I didn't say it proved the infinitude of this set but it is true of the subset {a,b,c} you are either producing another member or you are not. edit:you have {2,p,q}
if one of these is 3 then you are in a subset of 6*l+1 where l is a prime ( or 1).
primes other than 3 are 1 or 2 mod 3 p and q can't be both 2 mod 3 or both 1 mod 3 they have to be a mixture and the resulting value will then be 2 mod 3. so only if your primes that are 1 mod 3 keep producing primes with the 2 mod 3 values already in the set can it keep going forever along these lines.

[science_man_88]

here's a really ugly code for it (seems to jump for 15 ms to about 26 s with an increase of 10 fold in the #d can surpass):

Code:

{my(d=[1,2,3],e=1);z
until(e==0 || #d>1000,
       f=select(q->setminus([q],d)==[q] && isprime(q),apply(r->6*r+1,d));
      g=fold((x,y)->vecsort(concat(x,y),,8),select(v->setminus([v],d)==[v] && setminus([v],f)==[v] && isprime(v),apply(t->apply(u->u+1,t),apply(s->2*s,apply(r->r*select(q->q%3!=r%3,d),d)))));
d=vecsort(concat(d,concat(g,f)),,8);
e=#f+#g);
d
}

there's likely already a faster way known that I don't know ( only thing that comes to mind is the 6 ways of arranging {a,b,c} is probably slowing it down without a condition to prevent that). edit:the vecsort in the fold slowed it down a lot for one now about 4 seconds for #d>100000

[Citrix]

Let f(x) be the number of prime candidates belonging to the set between 2^x and 2^(x+1).
Then f(x+1)/f(x) → 1.14 (an irrational number, from the data posted above)
If this keeps on holding true then there would be infinite candidates.

[CRGreathouse]

Quote:

Originally Posted by Citrix

Let f(x) be the number of prime candidates belonging to the set between 2^x and 2^(x+1).
Then f(x+1)/f(x) → 1.14 (an irrational number, from the data posted above)
If this keeps on holding true then there would be infinite candidates.

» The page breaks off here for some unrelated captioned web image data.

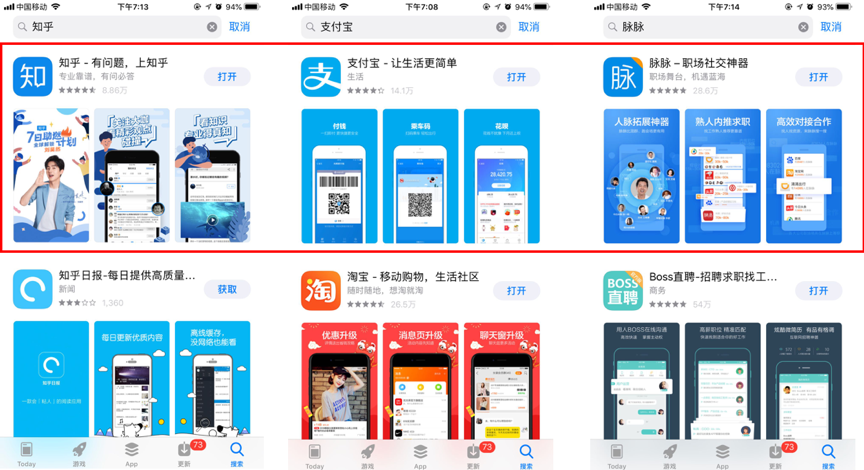 赢在起跑线：论 App 如何在用户启动时发力？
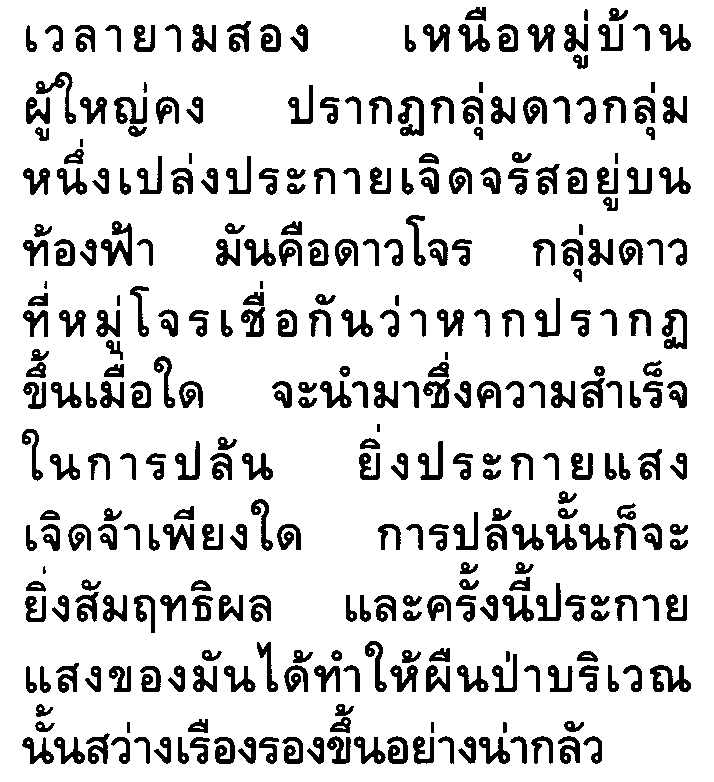 [Thai+Text.png]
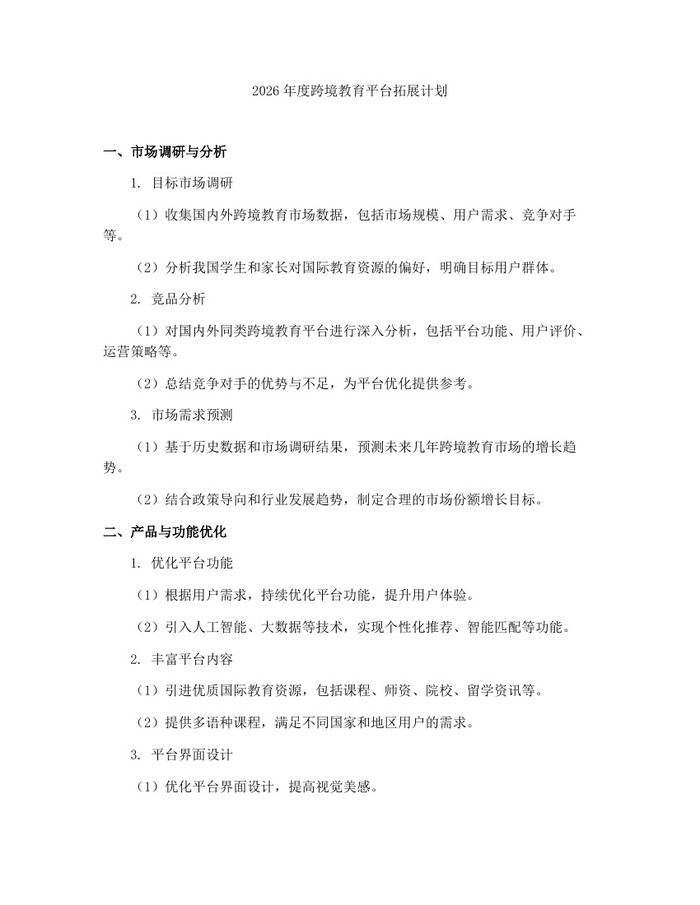 详细阅读:2026年度跨境教育平台拓展计划:(docx+pdf)免费下载 2026年度跨境教育平台拓展计划:(docx+pdf)免费下载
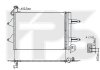 Купити Конденсатор кондиціонера Skoda Roomster, Fabia, Volkswagen Polo, Seat Ibiza, Cordoba FPS fp 64 k221 (фото1) підбір по VIN коду, ціна 2375 грн.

Even f(x+1) - f(x) > 0 would suffice.

[science_man_88]

here's the data I get based on my code ( the number in each bit level, some bit levels may not be filled completely and started at x=45 and went down but there were 6 greater than 2^45:

Code:

24
157
362
984
1528
2699
3413
5157
5947
7592
8113
9342
8955
9604
8921
8718
7576
7070
5829
5312
4240
3573
2770
2281
1707
1385
990
734
522
384
278
186
124
83
58
34
21
11
9
4
4
2
2
2
1

[science_man_88]

sorry second post for those interested here are the actual numbers themselves in 2 files so I don't break the forum size limit on the file.

[CRGreathouse]

Those attachments look right to me, sm88.